Recommandation du comité
Recommandation du comité- 256. Au vu des conclusions intérimaires qui précèdent, le comité invite le Conseil d’administration à approuver les recommandations suivantes:
- a) Le comité déplore l’absence de réponse du gouvernement à ses précédentes recommandations et l’exhorte à faire preuve d’une meilleure coopération à l’avenir.
- b) Le comité souligne une fois de plus la gravité des allégations relatives au meurtre des dirigeants syndicaux Chea Vichea et Ros Sovannareth. Le comité déplore profondément ces événements et attire l’attention du gouvernement sur le fait qu’un tel climat de violence, qui mène à la mort de dirigeants syndicaux, est un obstacle sérieux à l’exercice des droits syndicaux.

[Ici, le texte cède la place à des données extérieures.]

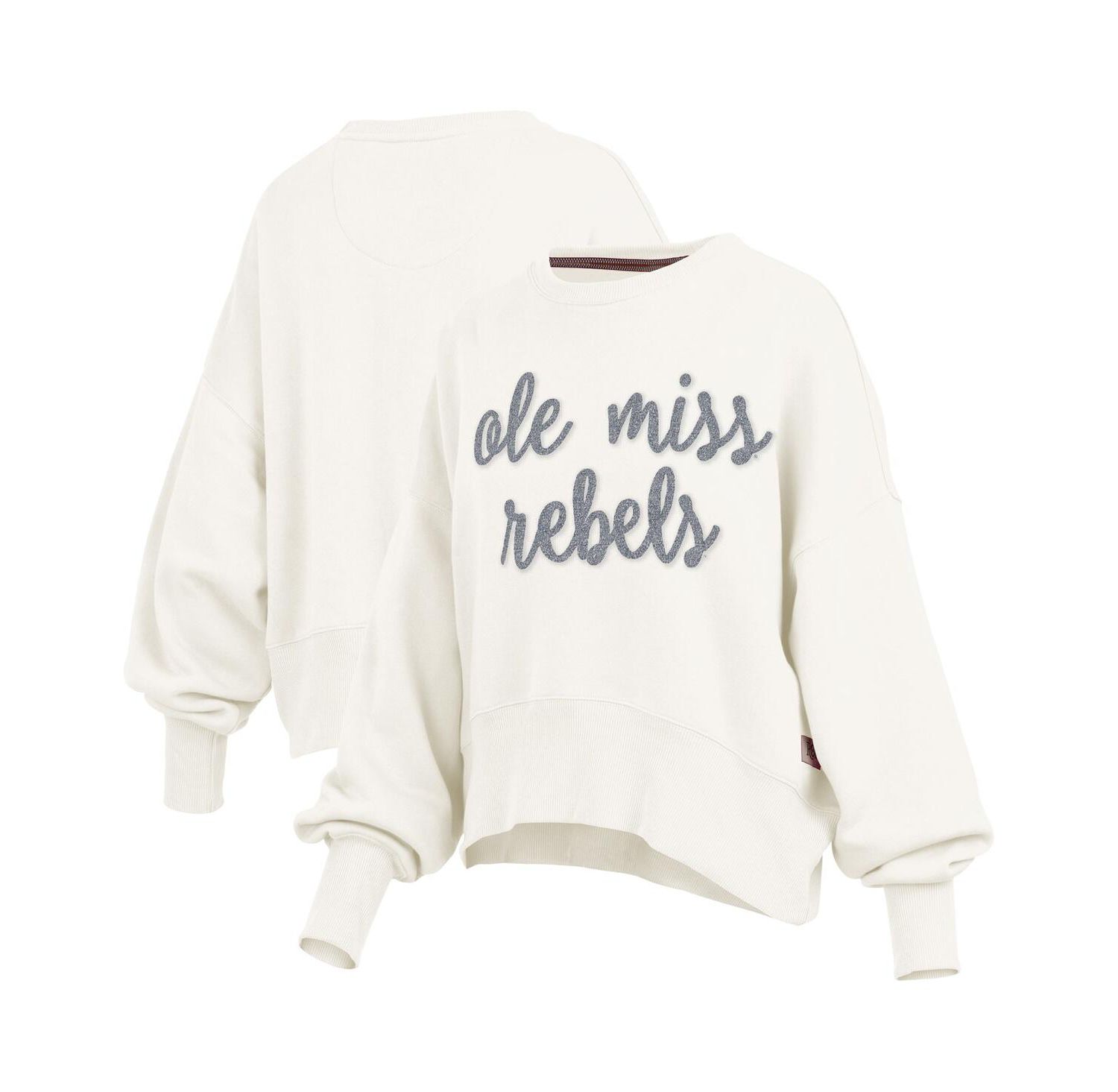 Women's Cream Ole Miss Rebels Chelsea Oversized Pullover Sweatshirt
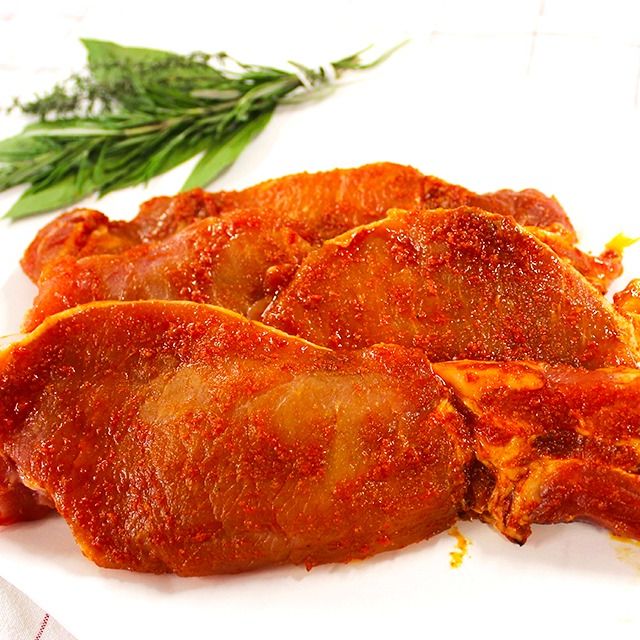 cote de porc marinée sans os x 2 pièces marinade texane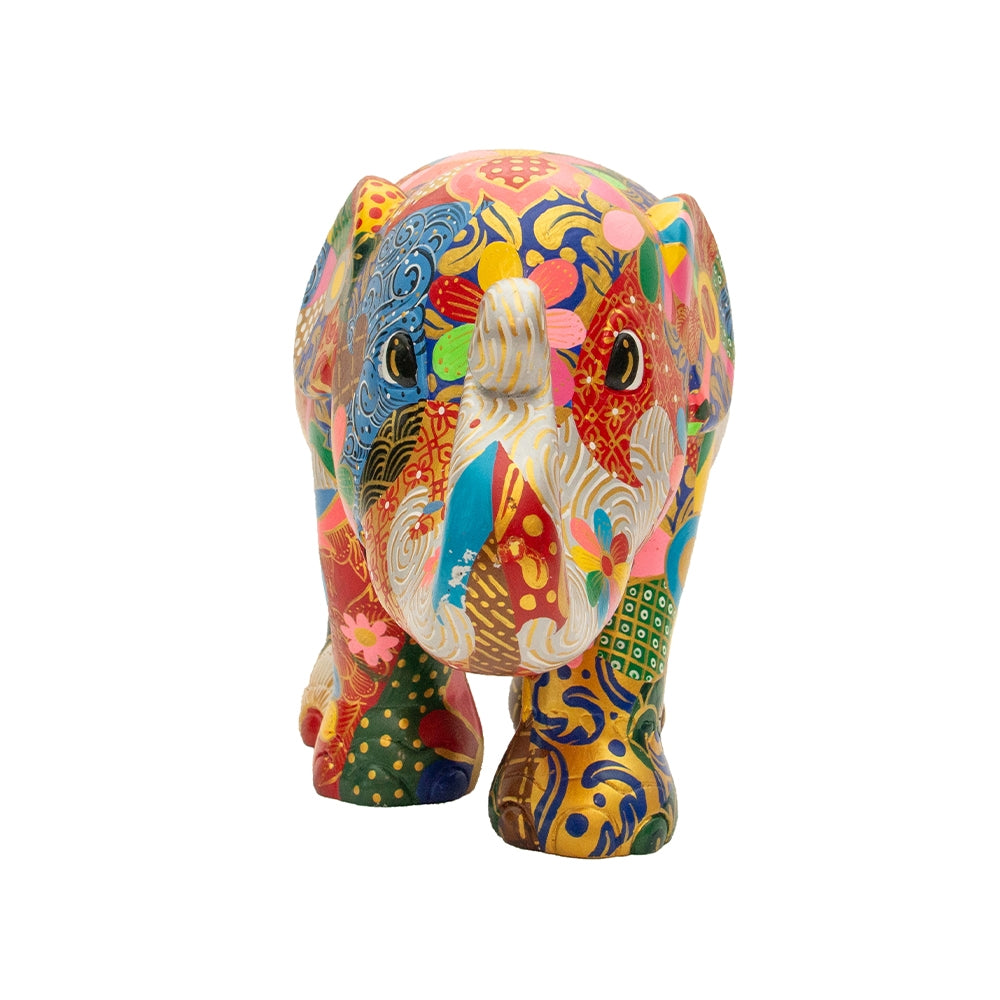Scultura Elefante Onlylux Sarong 20 cm Resina Dipinto A Mano 8858831261341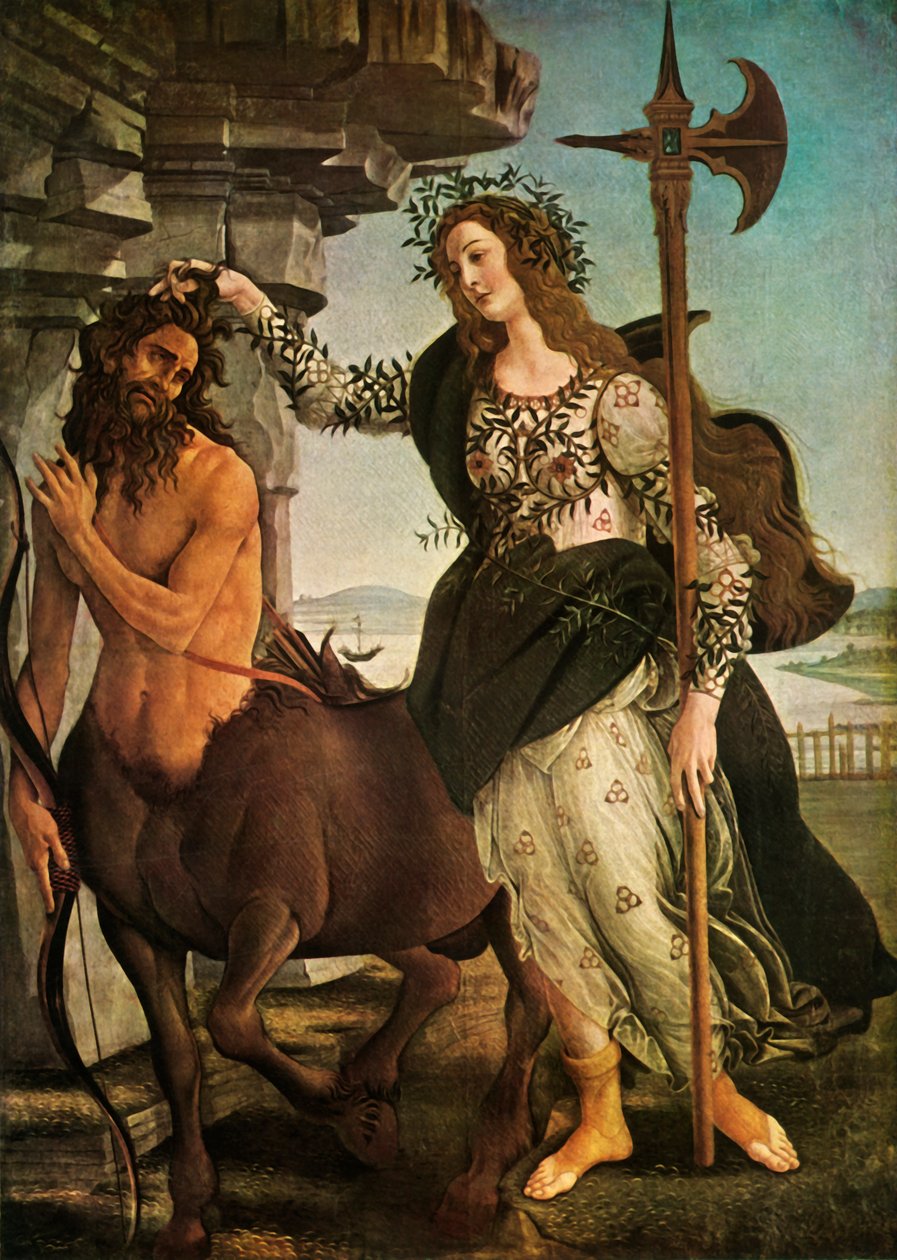Pallas og Kentauren, c1480-1485, 1937. av Sandro Botticelli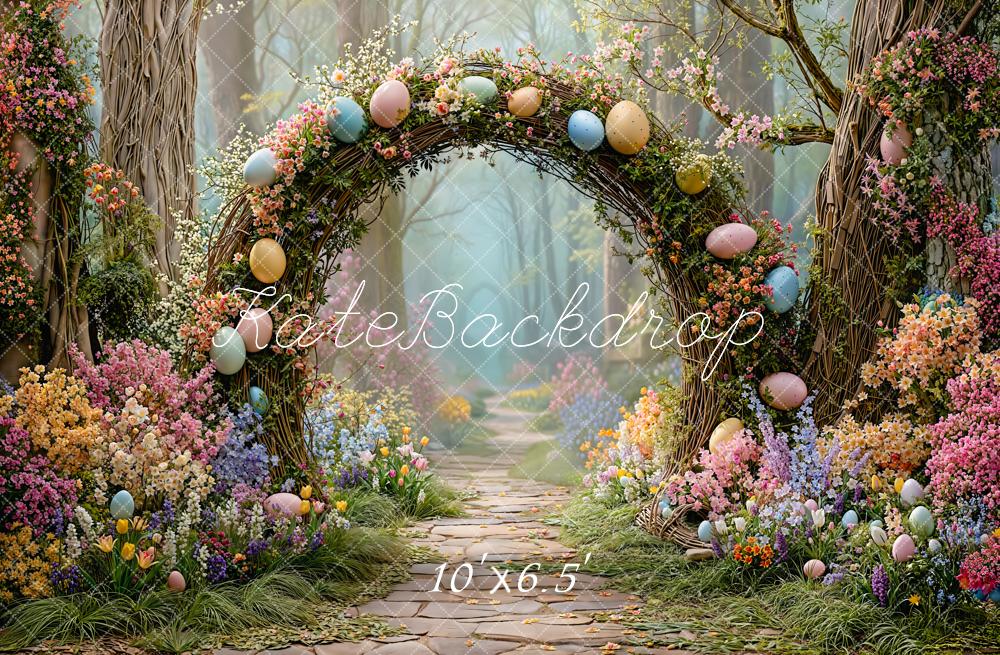 SALE Kate Easter Forest Bunny Flower Arch Pastel Eggs Pathway Backdrop Designed by Emetselch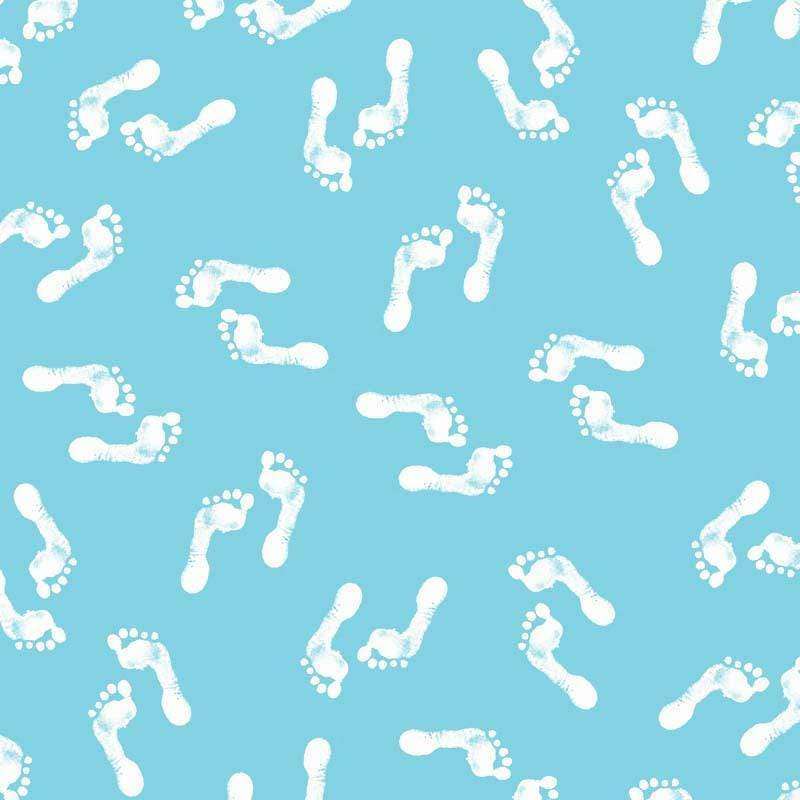 Assorted white footprint patterns on a sky blue background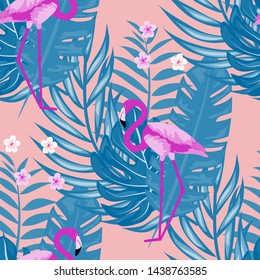 Pink flamingo with tropical leaves floral seamless pattern. Palm tree leaves with exotic birds. Flamingo floral background textile design.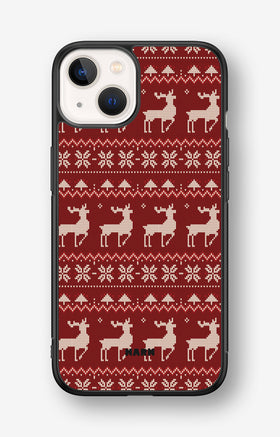iPhone 13 Mini Hard Case – Reindeer Knit - View 1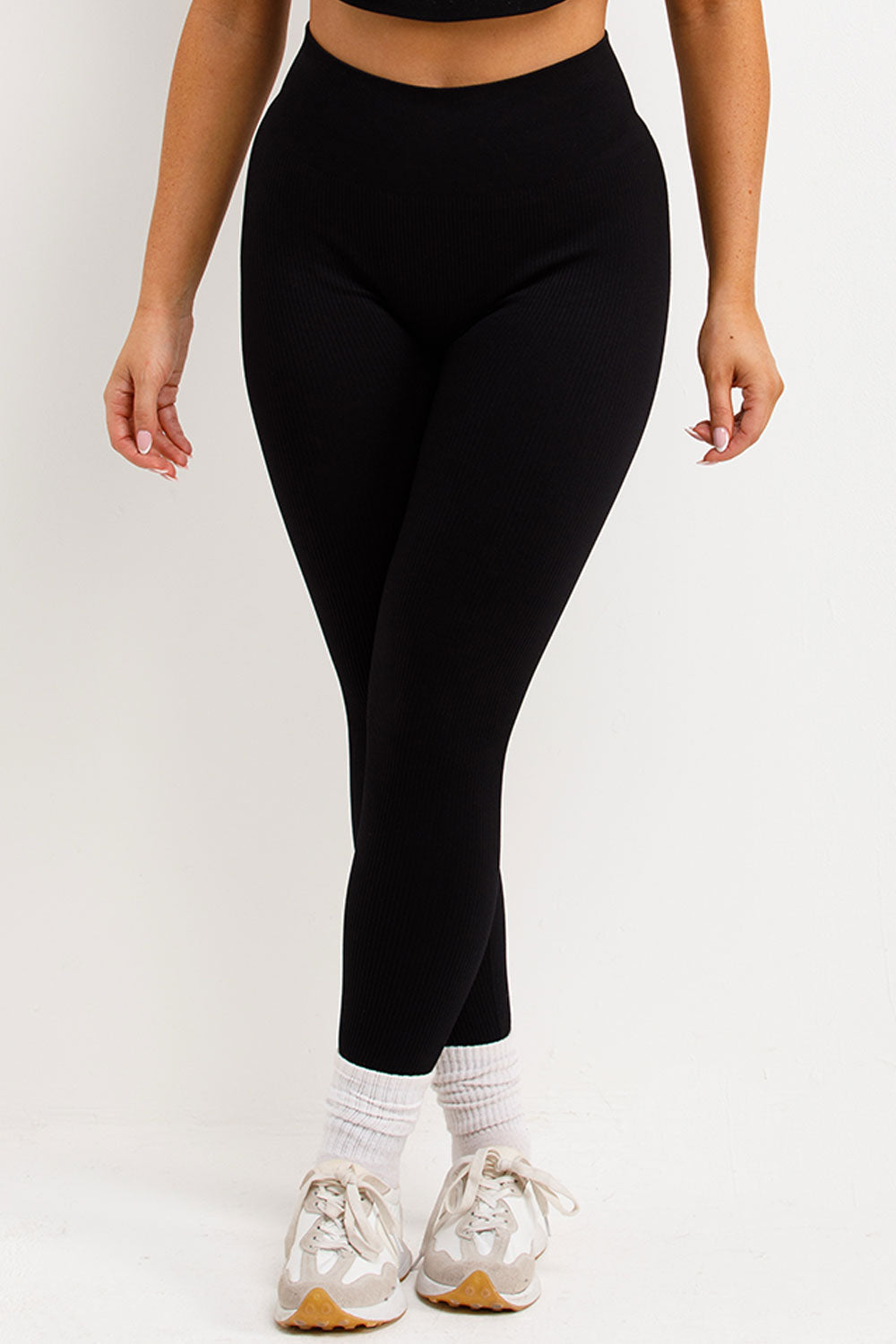 Black Ribbed Gym Leggings High Waist | Xtralitty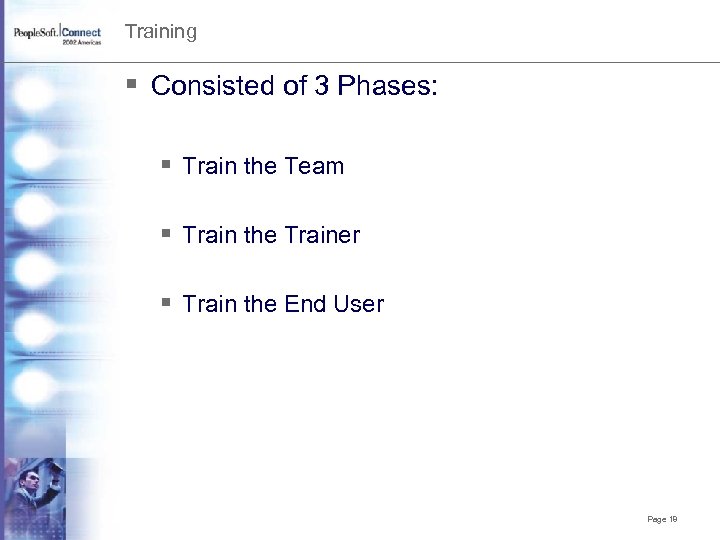 Training § Consisted of 3 Phases: § Train the Team § Train the Trainer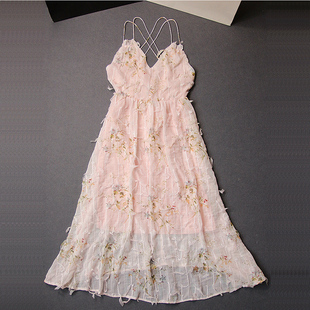 马尔代夫泰国巴厘岛沙滩裙女粉色超仙海边度假长裙吊带露背连衣裙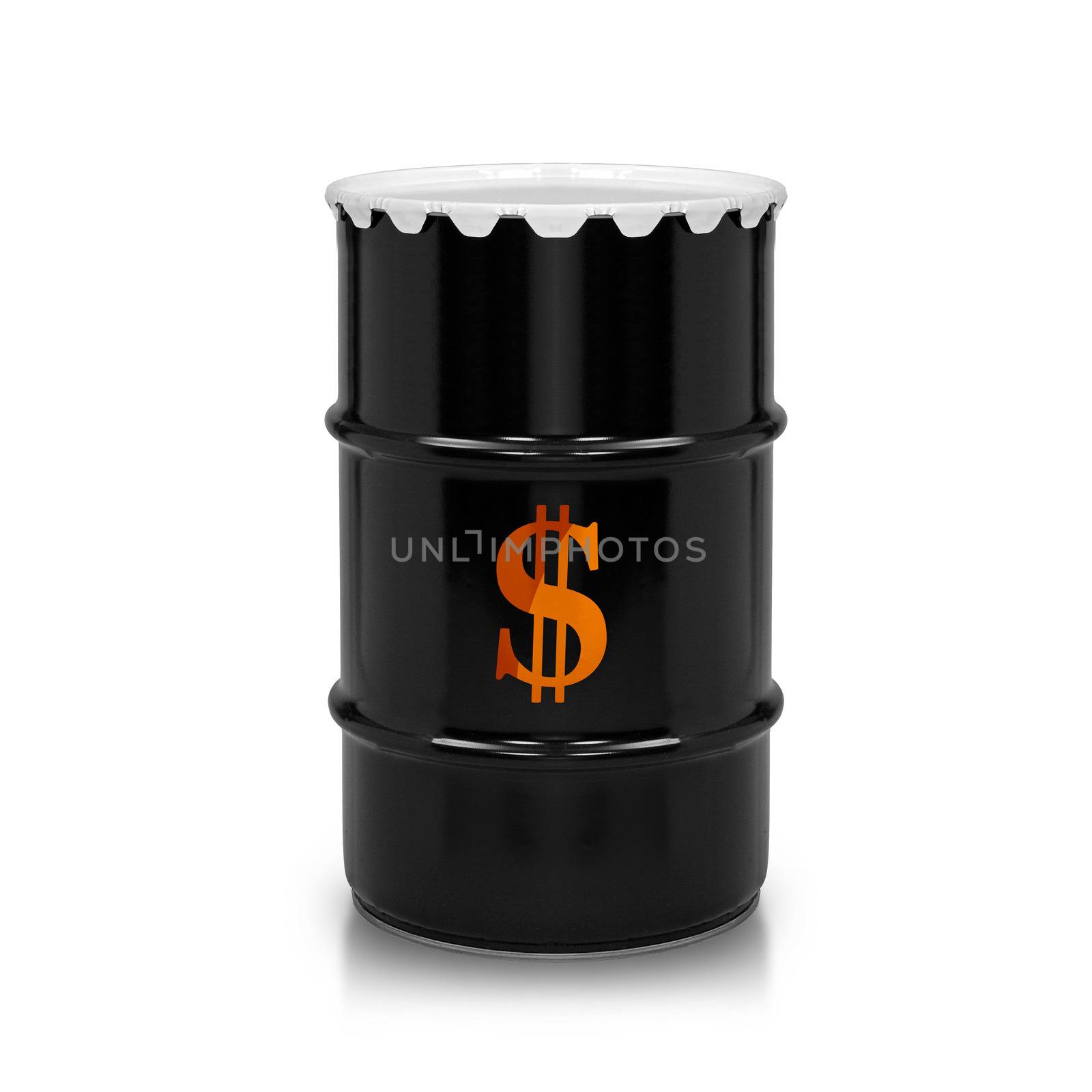 Oil and Petroleum Barrel and dollar sign on white isolated background. (with clipping work path)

- c) Le comité prie instamment le gouvernement de prendre des mesures en vue de rouvrir l’enquête sur le meurtre de Chea Vichea et de s’assurer que nul n’est privé de sa liberté sans avoir bénéficié d’une procédure normale devant une autorité judiciaire impartiale et indépendante.
- d) Le comité insiste pour que le gouvernement ouvre sans tarder une enquête judiciaire indépendante sur le meurtre de Ros Sovannareth et le tienne informé des résultats de cette enquête.
- e) Au sujet de l’accord sur l’interdiction de manifester dont il a été fait état, et dans lequel Chea Mony et son collègue représentant du FTUWKC ont été forcés de promettre d’inciter les travailleurs du textile à arrêter la grève et à éviter d’organiser d’autres manifestations, le comité attend du gouvernement qu’il déclare cet accord nul et non avenu et demande au gouvernement de veiller, à l’avenir, à ce que les travailleurs jouissent du droit de manifestation pacifique pour défendre leurs intérêts professionnels.
- f) En ce qui concerne l’agression physique dont ont notamment été victimes Lay Sophead et Pul Sopheak, tous deux présidents de syndicats affiliés au FTUWKC, le comité demande au gouvernement d’ouvrir des enquêtes judiciaires indépendantes sur la question et de le tenir informé des résultats.
- g) Le comité prie instamment le gouvernement de prendre les dispositions nécessaires pour veiller à ce que les droits syndicaux des travailleurs du Cambodge soient entièrement respectés et que les syndicalistes puissent exercer leurs activités dans un climat exempt d’intimidation et de risques relativement à leur sécurité personnelle et à leur vie.
- h) Le comité se dit très préoccupé par l’extrême gravité du cas et invite le Conseil d’administration à accorder une attention particulière à la situation.